▶ **PROBLEM DETAILS**
Every line from the one with "1.3 Nietzsche i" through the final line of the data below goes in the answer, copied exactly. Pictures do not.

▶ **EXERCISE DATA**
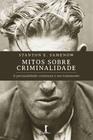Mitos sobre criminalidade: a personalidade criminosa e seu tratamento (Stanton E. Samenow)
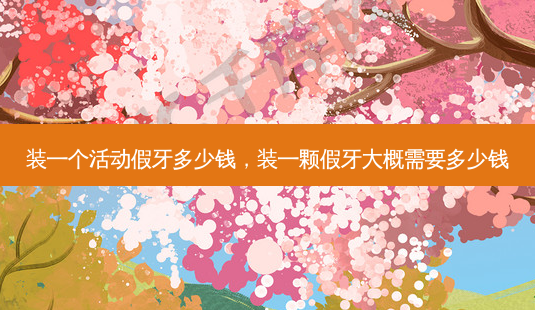 装一个活动假牙多少钱,装一颗假牙大概需要多少钱-第1张图片-容颜志 - 专注变美资讯 装一个活动假牙多少钱,装一颗假牙大概需要多少钱-第1张图片-容颜志 - 专注变美资讯
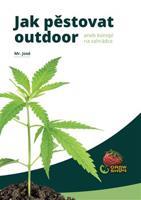 Jak pěstovat outdoor - Mr. José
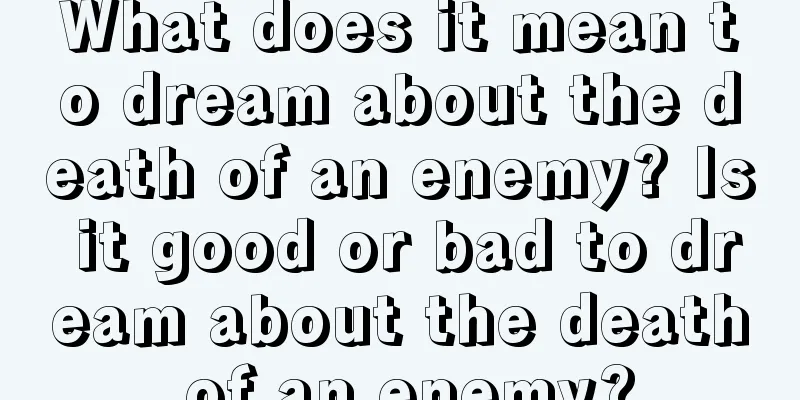 What does it mean to dream about the death of an enemy? Is it good or bad to dream about the death of an enemy?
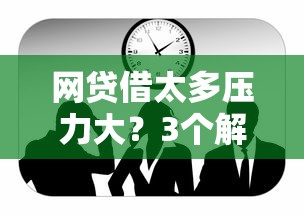网贷借太多压力大？3个解决办法帮你摆脱困境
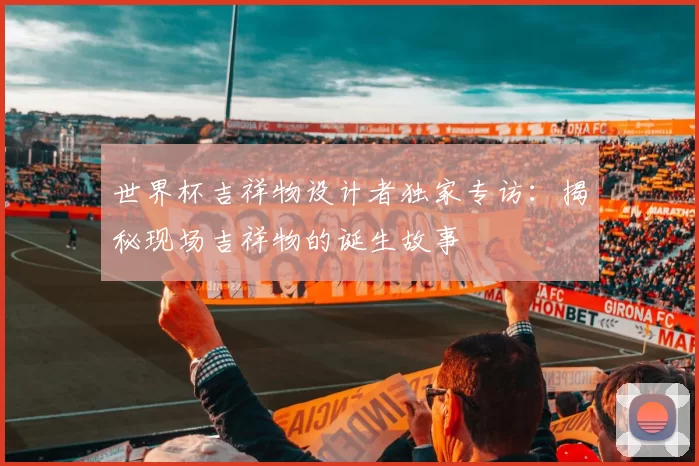 世界杯吉祥物设计者独家专访:揭秘现场吉祥物的诞生故事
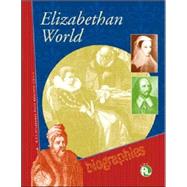 Elizabethan World Biographies by Shostak, Elizabeth, 9781414401904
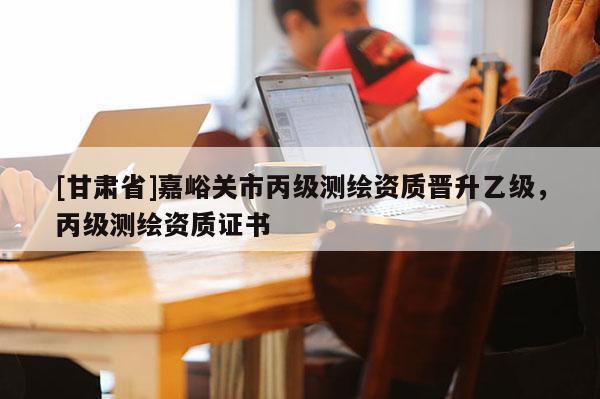 [甘肅省]嘉峪關(guān)市丙級測繪資質(zhì)晉升乙級，丙級測繪資質(zhì)證書
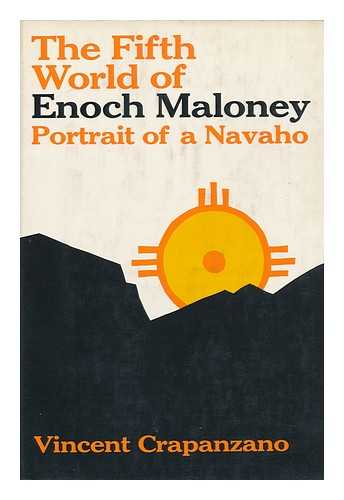 CRAPANZANO, VINCENT - The Fifth World of Enoch Maloney; Portrait of a Navaho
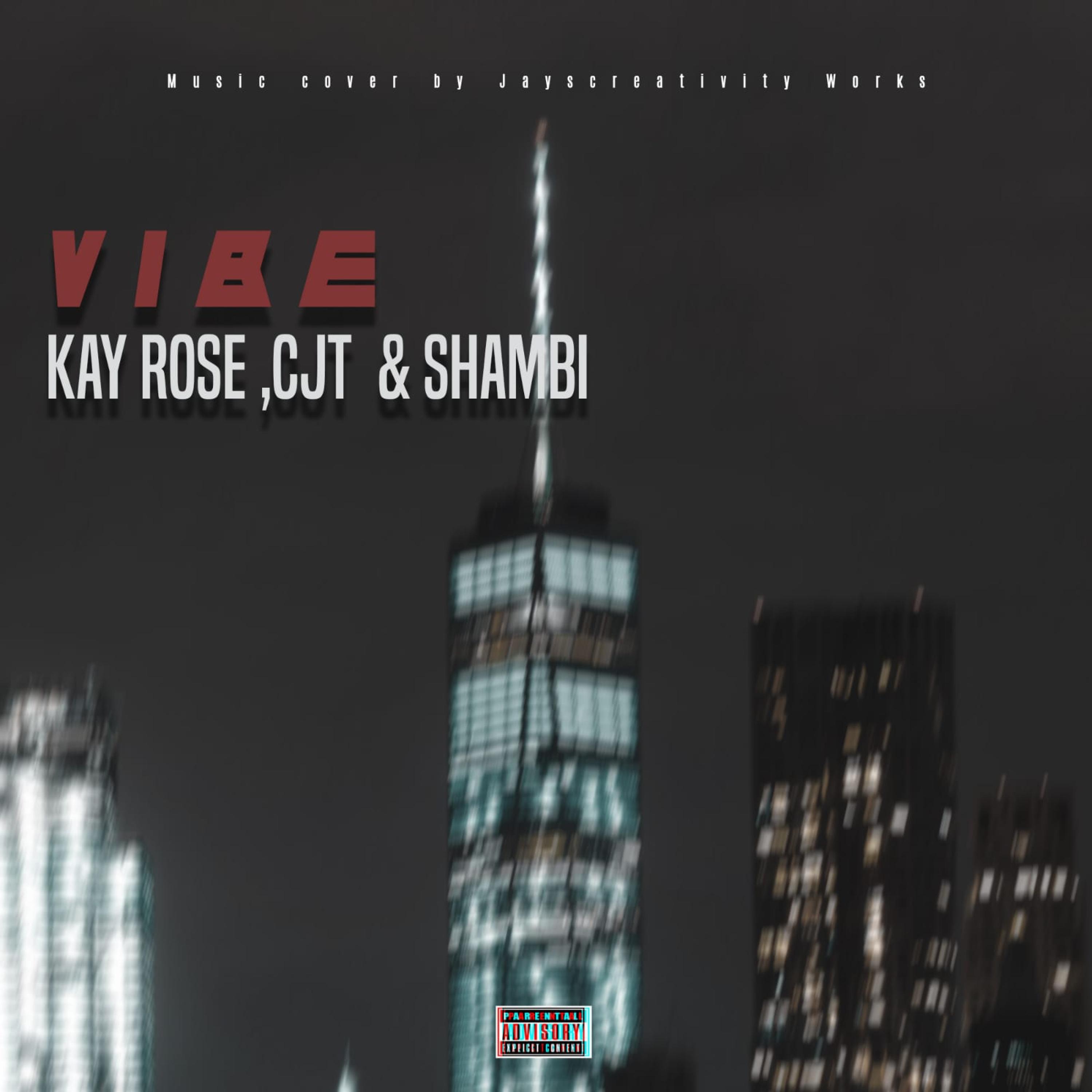 Kay Rose - Vibe (feat. Shambii & CJT)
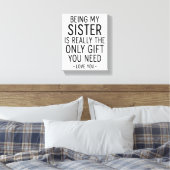 Being My Sister Is the Only Gift You Need Design  Leinwanddruck (Insitu (Schlafzimmer))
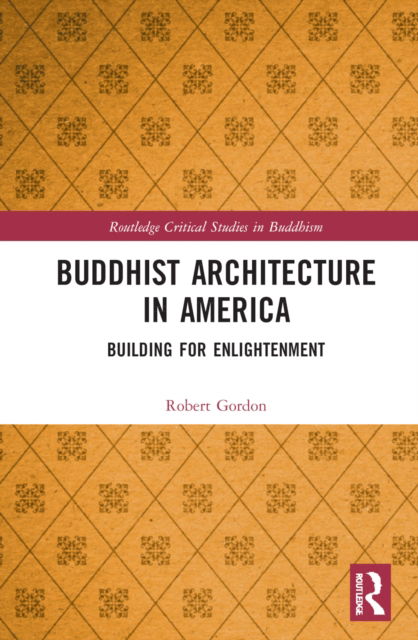 Buddhist Architecture in America: Building for Enlightenment - Routledge Critical Studies in Buddhism - Robert Gordon - Bøger - Taylor & Francis Ltd - 9781032318455 - 18. november 2022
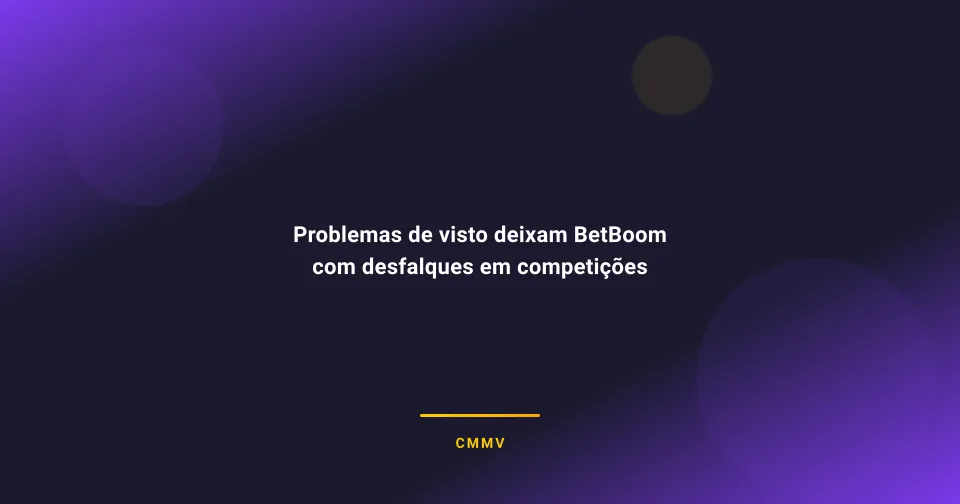 Problemas de visto deixam BetBoom com desfalques em competições internacionais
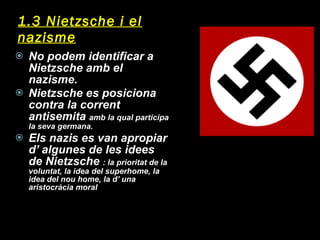1.3 Nietzsche i el nazisme No podem identificar a Nietzsche amb el nazisme. Nietzsche es posiciona contra la corrent antisemita  amb la qual participa la seva germana. Els nazis es van apropiar d’ algunes de les idees de Nietzsche  : la prioritat de la voluntat, la idea del superhome, la idea del nou home, la d’ una aristocràcia moral 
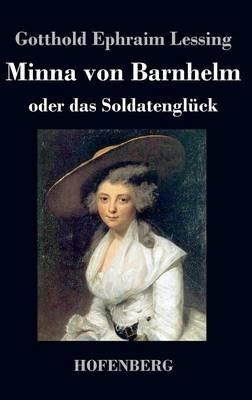 Minna von Barnhelm, oder das Soldatenglück: Ein Lustspiel in fünf Aufzügen - Gotthold Ephraim Lessing - cover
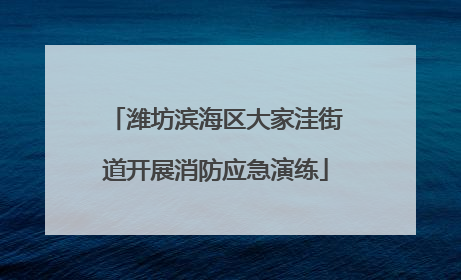 潍坊滨海区大家洼街道开展消防应急演练
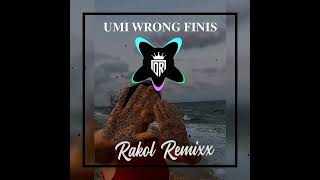 SP2 xElexterJr Umi wrong finishDJRAKOLREMIXIsland chill vibe [upl. by Lasser196]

▶ **TASK RESPONSE**
1.3 Nietzsche i el nazisme No podem identificar a Nietzsche amb el nazisme. Nietzsche es posiciona contra la corrent antisemita  amb la qual participa la seva germana. Els nazis es van apropiar d’ algunes de les idees de Nietzsche  : la prioritat de la voluntat, la idea del superhome, la idea del nou home, la d’ una aristocràcia moral 
 Minna von Barnhelm, oder das Soldatenglück: Ein Lustspiel in fünf Aufzügen - Gotthold Ephraim Lessing - cover
 潍坊滨海区大家洼街道开展消防应急演练
 SP2 xElexterJr Umi wrong finishDJRAKOLREMIXIsland chill vibe [upl. by Lasser196]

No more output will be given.